Interesting. A decade ago I observed something similar to the article while traveling in Nepal / Tibet.

Me and friend both had iPods (of different generations) that got 'altitude sick'.

At two points in the trip we got about 5,000m. Each time both iPods went totally unresponsive. Both times we'd only be there for a few hours and once we descended they'd stay working again.

Obvious thing was something to do with the cold and battery, but both times the battery came at the same charged once they started working.

Can't remember exactly what the ambient temperature was (we were in cars both times) but it's puzzled me whether it was cold or altitude.


A quick trip to Wikipedia suggests that iPod Classics had a spinning disk for storage. The disk in hard drives "floats" on a cushion of air. When the outside air pressure gets lower, the internal pressure is relatively higher and the gap increases. A big enough pressure difference and the disc can jam and stop spinning altogether. I do not know if that is what affected your iPods, but I do know that hard drive failures at the summit of Mauna Kea (~4000m) are common and it seems to mostly be down to luck which ones work and which don't (once you have a working one, it tends to stay working).


Wow, that's awesome.

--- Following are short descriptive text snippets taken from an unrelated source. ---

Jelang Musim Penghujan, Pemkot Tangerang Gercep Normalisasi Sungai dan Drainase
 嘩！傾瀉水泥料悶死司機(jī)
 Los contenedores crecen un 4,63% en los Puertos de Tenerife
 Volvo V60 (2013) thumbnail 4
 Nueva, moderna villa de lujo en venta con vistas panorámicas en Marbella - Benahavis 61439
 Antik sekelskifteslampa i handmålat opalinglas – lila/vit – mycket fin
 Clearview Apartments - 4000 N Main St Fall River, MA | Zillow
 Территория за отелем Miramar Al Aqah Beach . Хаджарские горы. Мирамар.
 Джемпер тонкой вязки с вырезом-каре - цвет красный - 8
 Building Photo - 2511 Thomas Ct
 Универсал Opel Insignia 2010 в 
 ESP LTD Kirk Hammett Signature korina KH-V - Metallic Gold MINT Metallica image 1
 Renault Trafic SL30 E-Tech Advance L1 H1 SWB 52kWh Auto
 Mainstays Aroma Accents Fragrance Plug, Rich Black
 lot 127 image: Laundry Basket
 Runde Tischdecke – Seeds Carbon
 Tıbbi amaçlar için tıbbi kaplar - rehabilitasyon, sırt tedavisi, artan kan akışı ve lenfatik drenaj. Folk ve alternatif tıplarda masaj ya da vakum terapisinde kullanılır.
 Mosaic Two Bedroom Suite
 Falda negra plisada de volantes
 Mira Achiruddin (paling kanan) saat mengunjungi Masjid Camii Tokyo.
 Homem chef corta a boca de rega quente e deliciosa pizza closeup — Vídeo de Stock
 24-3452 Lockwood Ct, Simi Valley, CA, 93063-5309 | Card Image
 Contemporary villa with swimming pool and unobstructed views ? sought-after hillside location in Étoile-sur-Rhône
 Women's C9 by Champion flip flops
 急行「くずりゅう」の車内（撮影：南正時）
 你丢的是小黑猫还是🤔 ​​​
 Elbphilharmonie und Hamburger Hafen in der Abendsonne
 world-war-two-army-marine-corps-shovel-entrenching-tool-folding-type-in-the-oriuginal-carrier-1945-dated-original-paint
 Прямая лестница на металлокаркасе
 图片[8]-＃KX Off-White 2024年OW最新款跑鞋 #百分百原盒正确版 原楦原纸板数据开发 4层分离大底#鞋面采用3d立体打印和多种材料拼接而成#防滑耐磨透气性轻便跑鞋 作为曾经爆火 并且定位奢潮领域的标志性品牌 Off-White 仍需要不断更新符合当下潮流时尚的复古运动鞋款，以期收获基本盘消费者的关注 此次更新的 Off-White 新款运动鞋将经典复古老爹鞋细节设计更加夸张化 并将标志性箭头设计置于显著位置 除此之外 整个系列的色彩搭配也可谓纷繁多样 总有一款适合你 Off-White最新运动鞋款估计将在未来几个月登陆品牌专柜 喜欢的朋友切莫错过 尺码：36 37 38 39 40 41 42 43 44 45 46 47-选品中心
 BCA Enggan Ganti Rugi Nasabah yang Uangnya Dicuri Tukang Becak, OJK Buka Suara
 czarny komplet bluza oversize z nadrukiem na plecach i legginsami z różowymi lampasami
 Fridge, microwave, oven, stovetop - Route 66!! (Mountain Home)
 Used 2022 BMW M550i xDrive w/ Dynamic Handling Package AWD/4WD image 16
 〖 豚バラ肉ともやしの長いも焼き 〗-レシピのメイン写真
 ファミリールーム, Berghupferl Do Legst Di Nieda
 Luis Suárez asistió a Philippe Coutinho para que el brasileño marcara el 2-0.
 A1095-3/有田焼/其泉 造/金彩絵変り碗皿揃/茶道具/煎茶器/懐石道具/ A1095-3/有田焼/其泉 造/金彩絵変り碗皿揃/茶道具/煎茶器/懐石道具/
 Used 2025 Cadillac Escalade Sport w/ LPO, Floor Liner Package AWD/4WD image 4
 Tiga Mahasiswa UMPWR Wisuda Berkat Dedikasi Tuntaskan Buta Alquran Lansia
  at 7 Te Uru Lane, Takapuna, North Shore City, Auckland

No idea if that's actually what was happening, but it fits the picture of why these were getting 'altitude sickness'


Wow I can't believe they used an unsigned 8 bit integer for temps


I recently had to parse string-based temperature readings coming in over UART (e.g. 25.4C), and I forgot to include the leading minus character in my regular expression. I think generative testing is a great option here if you run the regex "in reverse".


He does measure the ambient temperature in the article. Happens around 60 degrees Fahrenheit, so well over freezing.


Maybe cold solder on a component on the mobo. Heat expands the joint slightly making a connection, cold temperature makes the contact points contract away from each other, breaking the connection. I had a similar issue with an LCD dashboard display in my car, resoldering fixed it.


The temp threshold reported (60F) seems too high for this to be a mechanical issue. I'd put my money on some marginal circuitry, probably in the PSU or on-board DC/DC converters, or perhaps a crystal -- they're wily things. I suppose it could also be "bad silicon".

Anyhow, time to break out a can of freezer spray. For those without a Fry's handy you can substitute compressed air cans (available at Staples and Costco), if inverted so as to spray the propellant. Except I didn't tell you to do that if you end up giving yourself a frostbite.


A lot of people don't realize how fragile semiconductors are with regards to reliability. It takes a TON of work to get a virgin part ready for "production." There's huge pressure to get it out the door and it goes out working "just enough." Semiconductors parts are held together by tons of "bubble gum and bailing wire" hacks to keep them operational over wide temperature swings.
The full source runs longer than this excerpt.